Processor – Quad core is a minimum. It mainly effects the garbage collection and SSTables compaction times but these are what will cause your cluster to do funny things like drop a node for a few minutes.

Disk – Disks are a must not SSD’s. Under the hood Cassandra does all of its writing to disk in a serial fashion which is optimized for traditional spinning media. The commit log should have its own disk as it is effectively being written to continuously and this is why an SSD will not last long. The data disk needs high throughput as well as fast access this will allow the Memtables to be flushed to disk as quickly as possible reducing the impact on other actions.

In the end we bought systems with the following specs

  •  1 * 6 core (12 including hyper threadding) Xeon processor running at 2.0 Ghz
  • 16GB of Ram (Quad channel DDR3)
  • 1 OS disk 7,200 RPM
  • 1 Commit log 10,000 RPM disk
  • 3 Data disks in a hardware stripe 10,000 RPM disks

Each node runs at less than 300watts peak and Cassandra shows an avg write latency of 2.2ms!

The performance increase of moving the cluster closer to the application has been huge. One report that would take a minute upwards in AWS (Returning a couple of hundred megabytes of data) now runs in under 10 seconds when the Cassandra system is cold and under 2 when the Cassandra cluster has had time to warm up the Cache.

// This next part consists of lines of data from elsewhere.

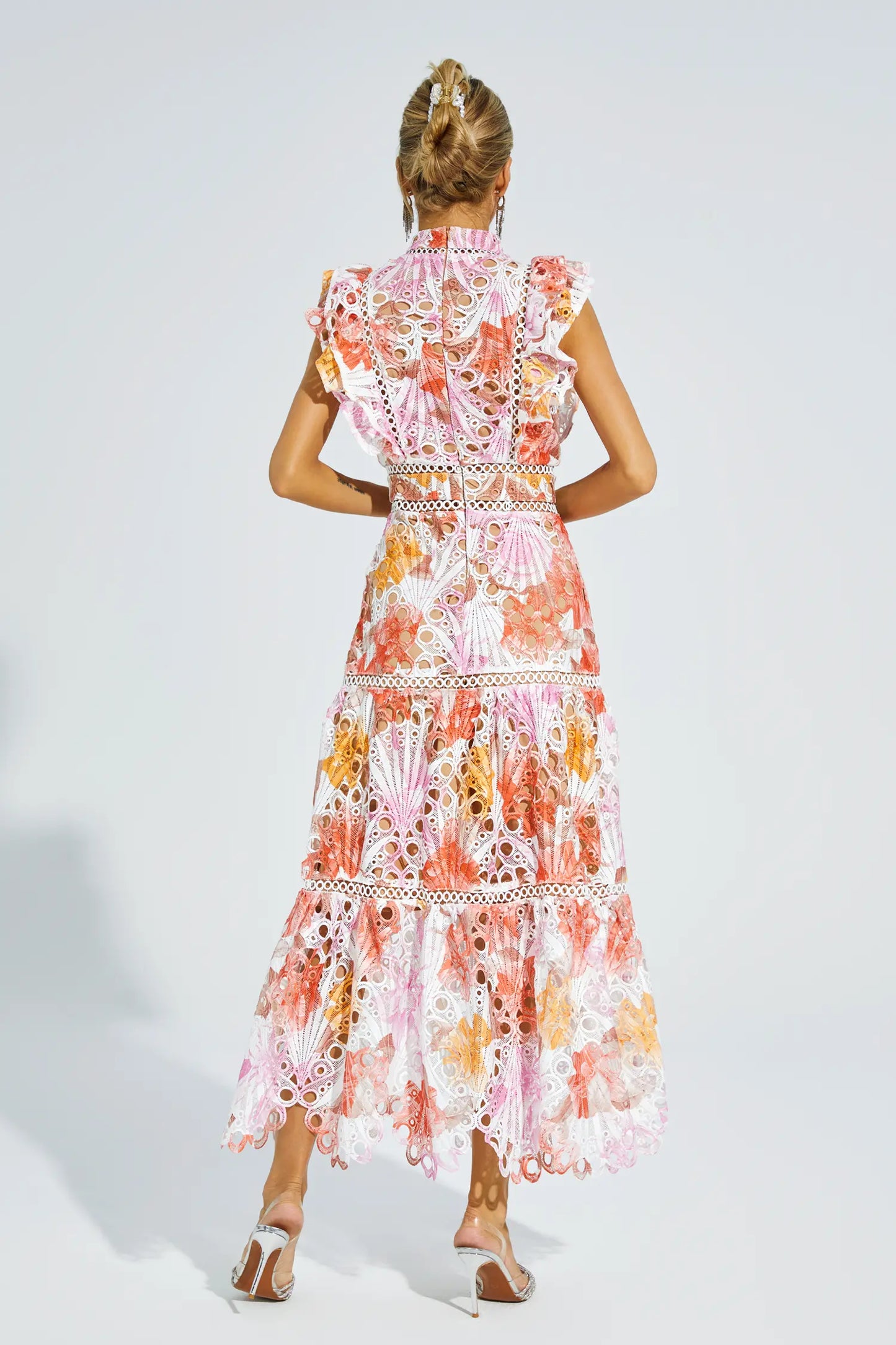 Ayleen Orange Hollow Sleeveless Midi Dress
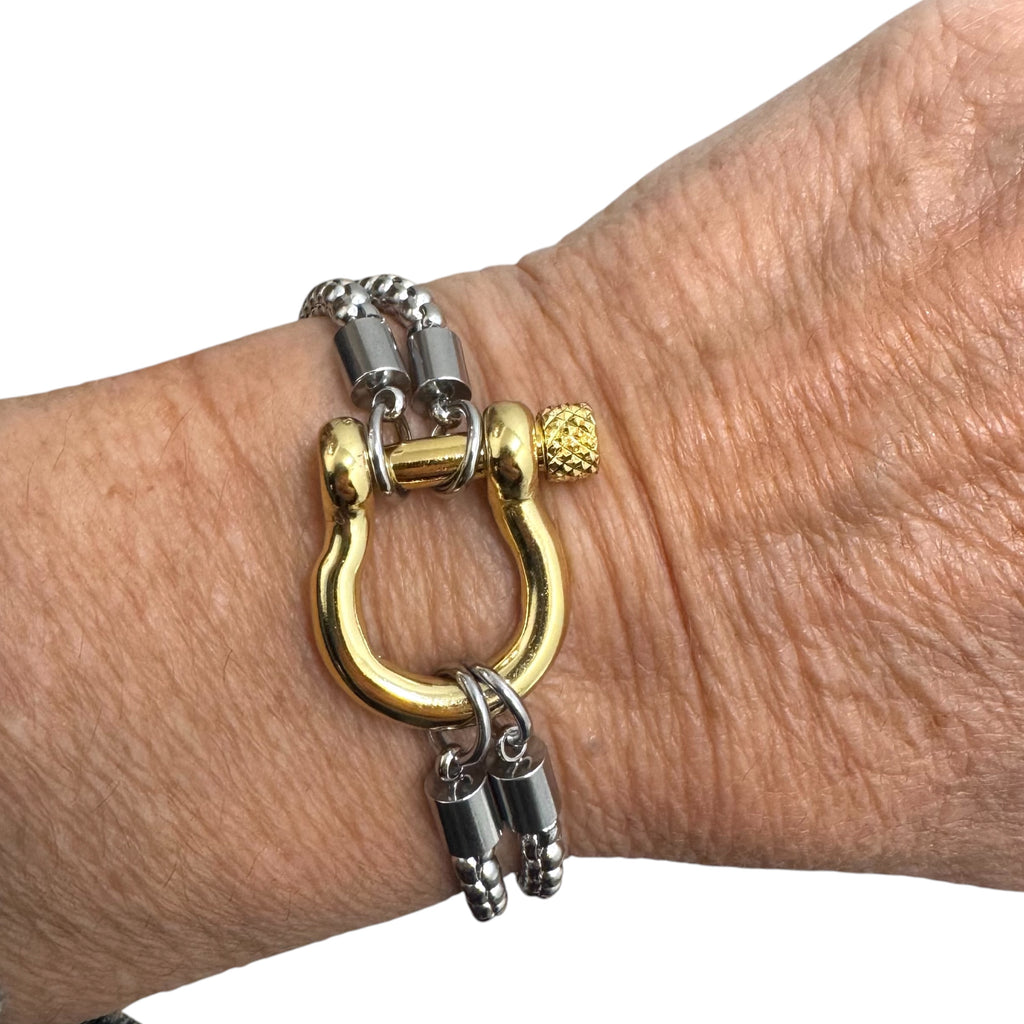 Gold Horse Bit Bracelet with Wheat Chain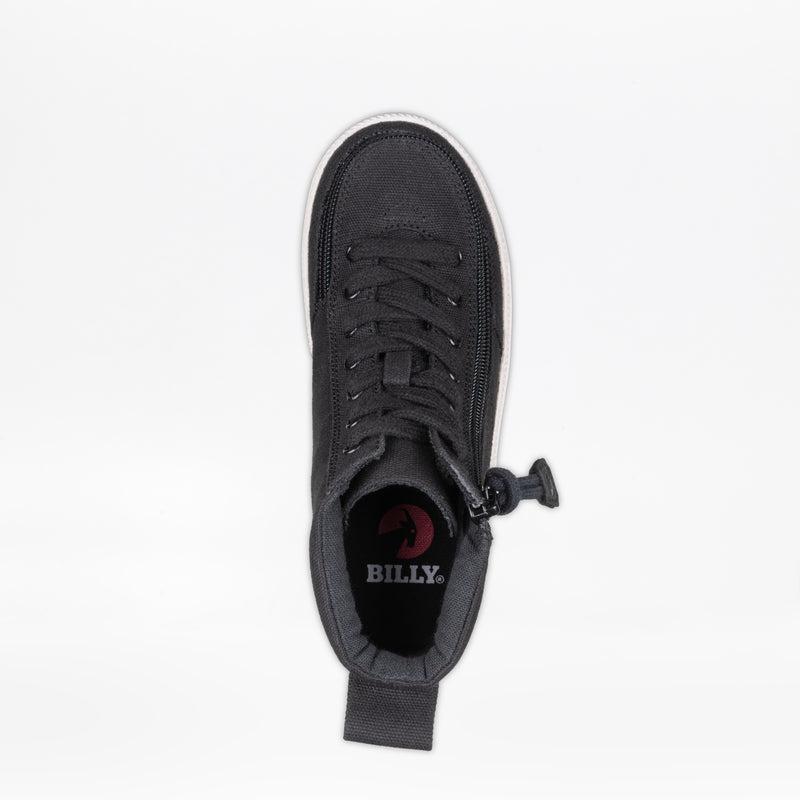 Top view of the Black/White BILLY Classic Lace High by BILLY Footwear with a partially open wraparound zipper, black laces, white sole, and insole featuring the BILLY logo. The shoe is set on a plain white background.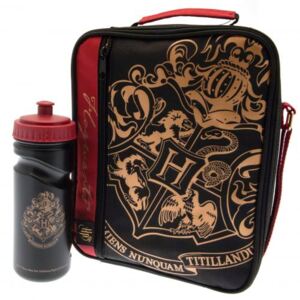 Box na svačinu s láheví na pití Harry Potter: Erb Bradavic - Hogwarts (27 x 21 x 9 cm|láhev 17 x 6 cm) červený polyester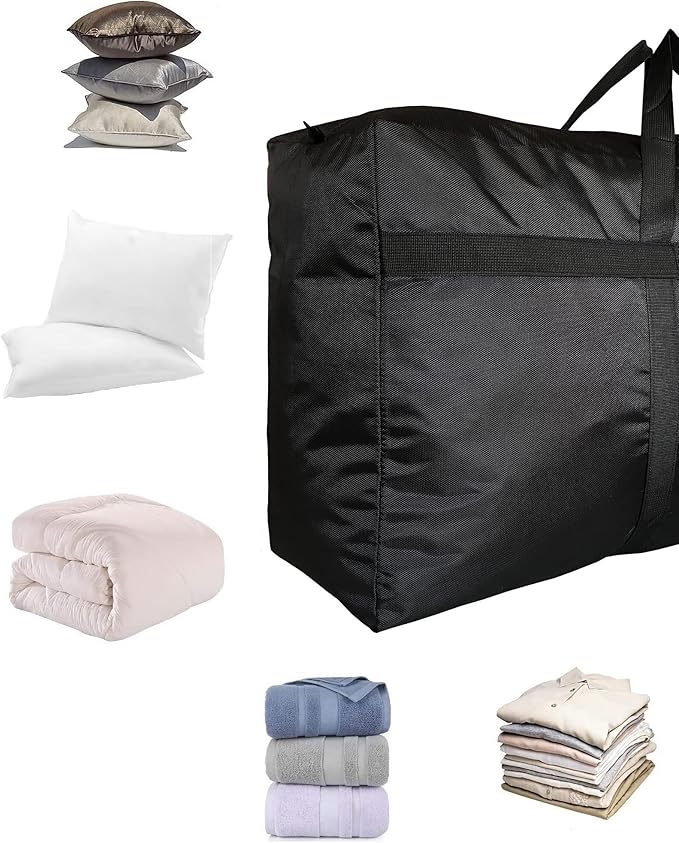 YiKitHom Extra Large Storage Duffle Bag for Travel, Black Oversized Giant Big Traveling Duffle Bag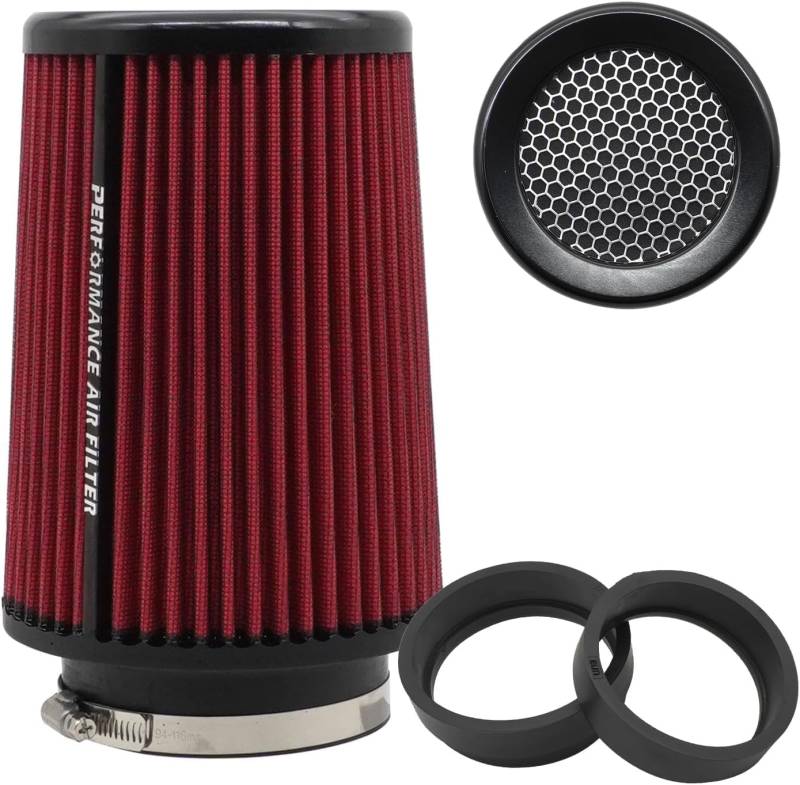 Universal kegelförmiger Luftfilter 76 mm 89 mm 101 mm hochleistungs Einlass Lufteinlass Rundkegel Luftfilter Reiniger für Racing Sport Auto 3 Größen in einem (Red) von WENJING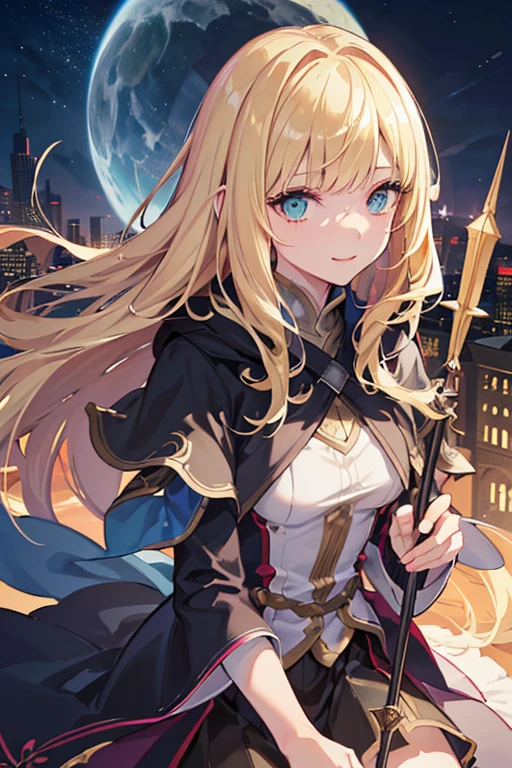 (Official art、Best Quality、Unity 8k Wallpapers、32K、masterpiece、ultra-detailliert、超A high resolution、realisitic、Photorealsitic:1.2)、(Cinematic lighting:1.2)、Fireglow effect、film grainest Shadows、Rim lighting、side lights、sideshot、(Ultra-detailed and complex 3D rendering)、Detailed beautiful face and eyes、Sharp pupils、Realistic pupils、A slender、1Woman、Medium bust、(upper body:1.2)、 Highly detailed background、beauitful face、16-year-old beautiful girl、(super detailed skin、detailed skin textures:1.3)、(Half Blonde、Colorful hair:1.3)、Blunt bangs、green colored eyeagical girl costume、A slender、white shirt、Costumes with frillrills skirt、knee sox、(thighs thighs thighs thighs:0.8)、Black bootantastic and beautiful night sky、Medieval city at night、On the roof of the tower:1.4)、(carrying a magical staff:1.3)、(Looking away、overlooking a city:1.3)、Fantastical、Gentle smile、I opened my mouth a little,furious,evil smile,from side,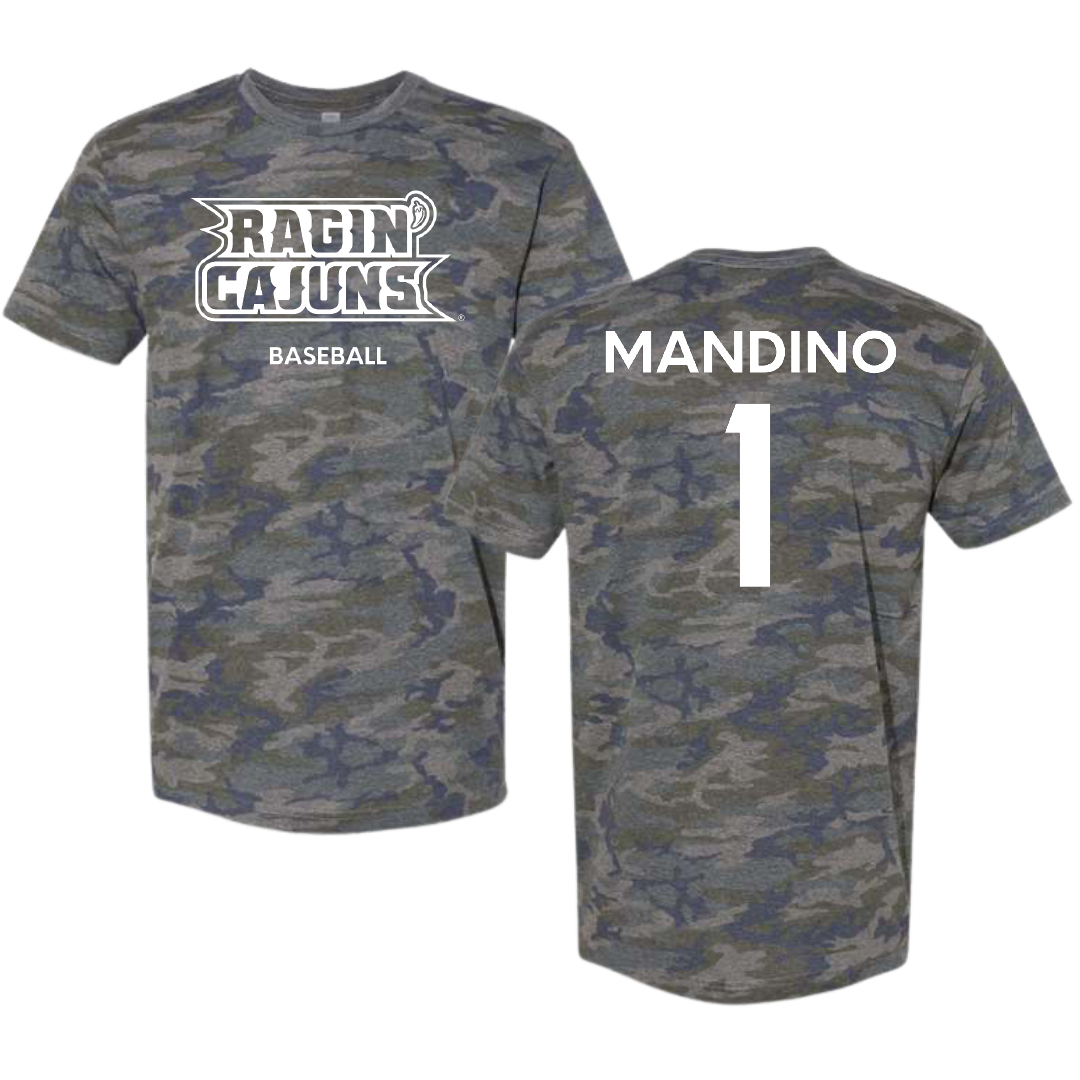 University of Louisiana at Lafayette Baseball Vintage Camo Tee - #1 Maddox Mandino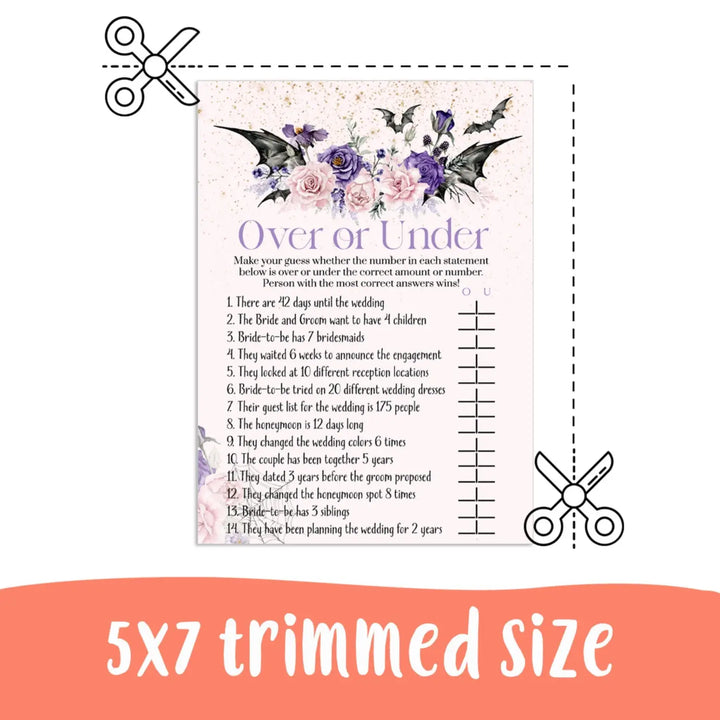 Gothic Over or Under Bridal Shower Game Instant Printable Download Halloween Spooky Floral Pink - Paper Clever Party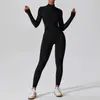 Yu An Body de Yoga Manga Longa com Zíper Transfronteiriço Toque Nu Bodysuit Esportivo de Fitness de Alta Intensidade 8306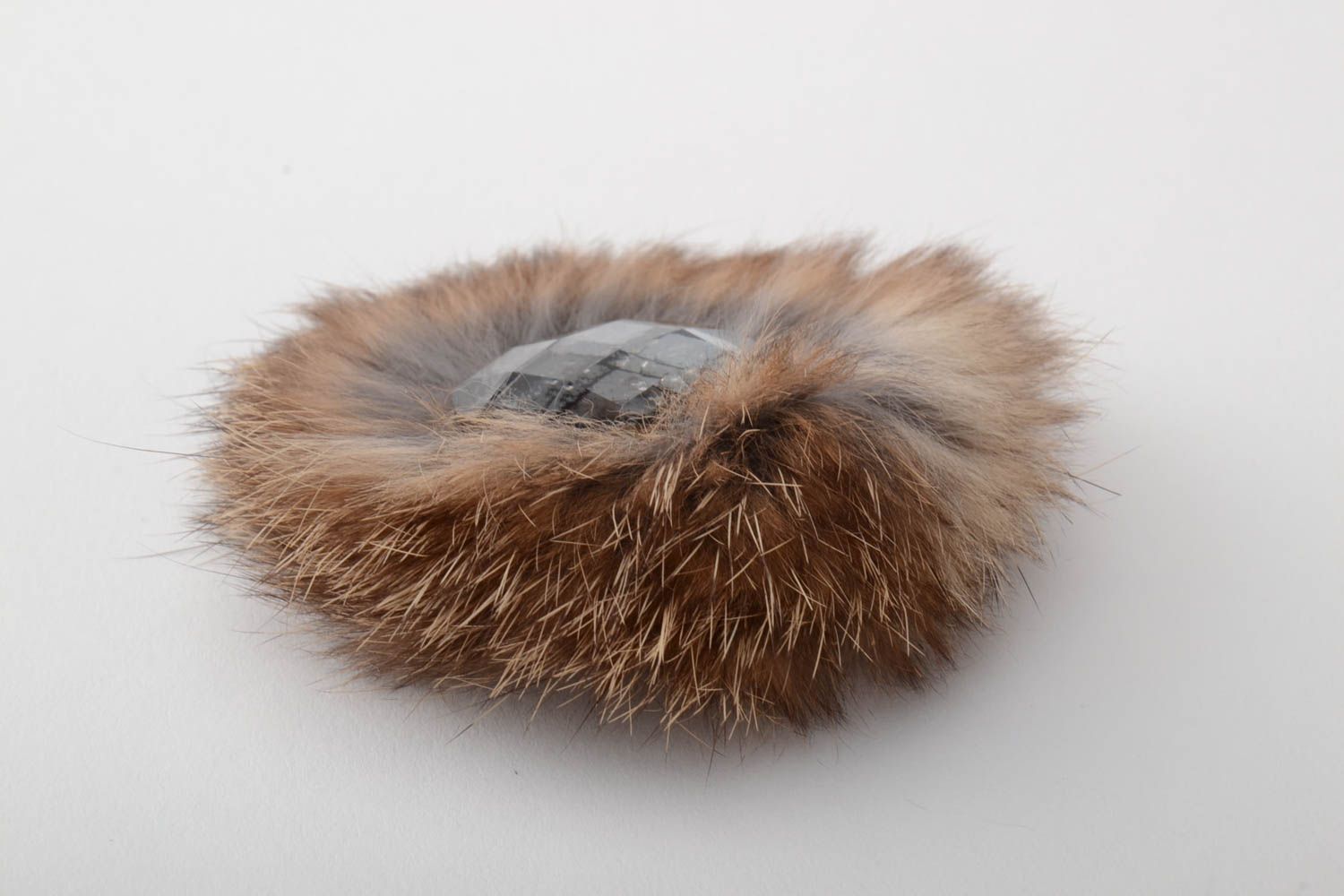 Handmade designer round volume rabbit fur brooch with large rhinestone photo 5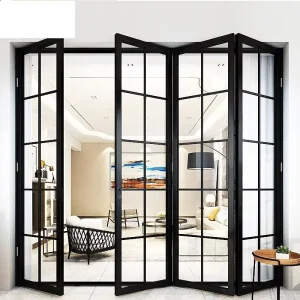 Modern Aluminum Multi-Panel Tempered Glass Folding Door Soundproof Thermal Break Patio Sliding for Hotels & Villas Powder Coated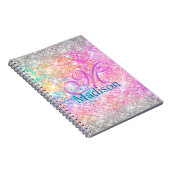 Chic iridescent roze faux glitter monogram notitieboek (Rechterzijde)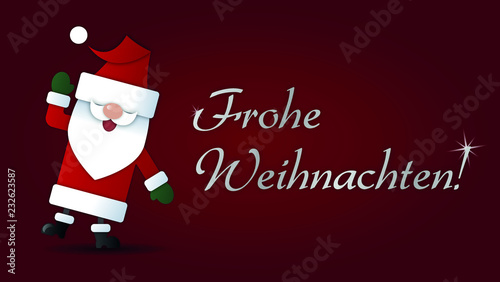 Frohe Weichnachten mit niedlichem winkendem Weihnachstmann Cartoon rot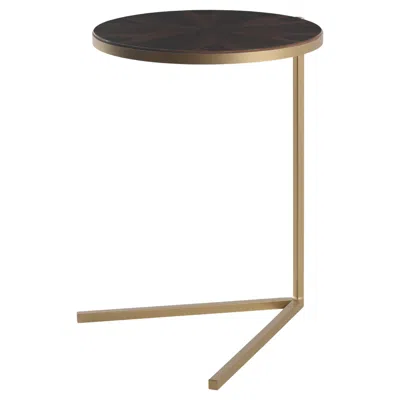 Pre-owned Medea Romeo Side Table: Wooden Frame, Bronze Finish, Marble Top In Brown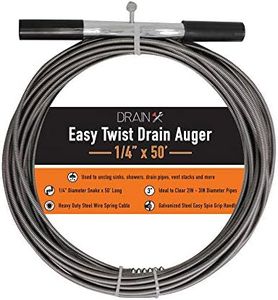 Drainx Easy Twist Drain Auger | Flexible Plumbing Cables for Cleaning Drainage Clogs Includes Storage Bag and Protective Gloves, 1/4" Diameter, 50 FT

The one thing that is most important to remember with Cassandra is that Cassandra is a write bias data store. This means that Writes are very fast, generally faster than retrieval so you have to think differently when writing an application that uses Cassandra. It is better to write a new value that overwrites an old one than it is to load an old value then update it with the new value. Get the data model right and the use case for Cassandra will guide you to a new world of highly available fast data storage. If your workload is read biased then Cassandra may not be for you.